Days pass. Layla hears nothing about Soheil. Jake tells her that her message has found a wide audience on social media and that there is clamoring for an investigation into this government facility. Layla notices protesters now gathered outside the camp gates—among them David and Soheil. Determined now to close the camp, Layla, with the help of Jake and other friends, plans a Gandhi-style silent protest. Internees, all teenagers, will line up in front of the gate in solidarity and together raise their fists high in the air. The peaceful protest, however, sparks a riot, and in the confusion Soheil is killed when he tries to climb over the camp’s electrified fence in a desperate effort to join the internees’ protest.

In the wake of the protest, the Director singles out Layla. She is sent to solitary confinement. Under days of intense interrogation and physical abuse by an increasingly enraged Director, Layla refuses to reveal any of the names of those who helped organize the protest nor any of their future plans. Concerned over such blatant violations of the Geneva Convention—Layla is 17 and considered a minor—Jake himself reports the Director’s behavior, and Layla is released only to find her parents have been taken away.

Layla now organizes a massive camp protest outside the Director’s office and in full view of the phalanx of press outside the main gates.

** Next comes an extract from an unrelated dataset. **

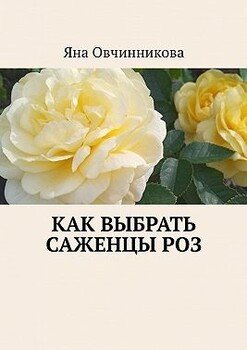 Как выбрать саженцы роз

They demand the release of Layla’s parents. Internees, fired up by Layla’s passionate speech, chant that it is time to close the camp. The Director, gun in hand, emerges from his office accompanied by Layla’s parents. He hands them over but threatens immediate disciplinary action if the protestors do not disband. When they refuse, the Director orders the guards to shoot Layla. They refuse. The Director raises his gun and fires, but Jake bravely jumps in front of Layla, taking the bullet. He dies almost immediately.

Within two days the camp is closed. Layla understands she and her parents are free to return to their lives but that they will never be the same again.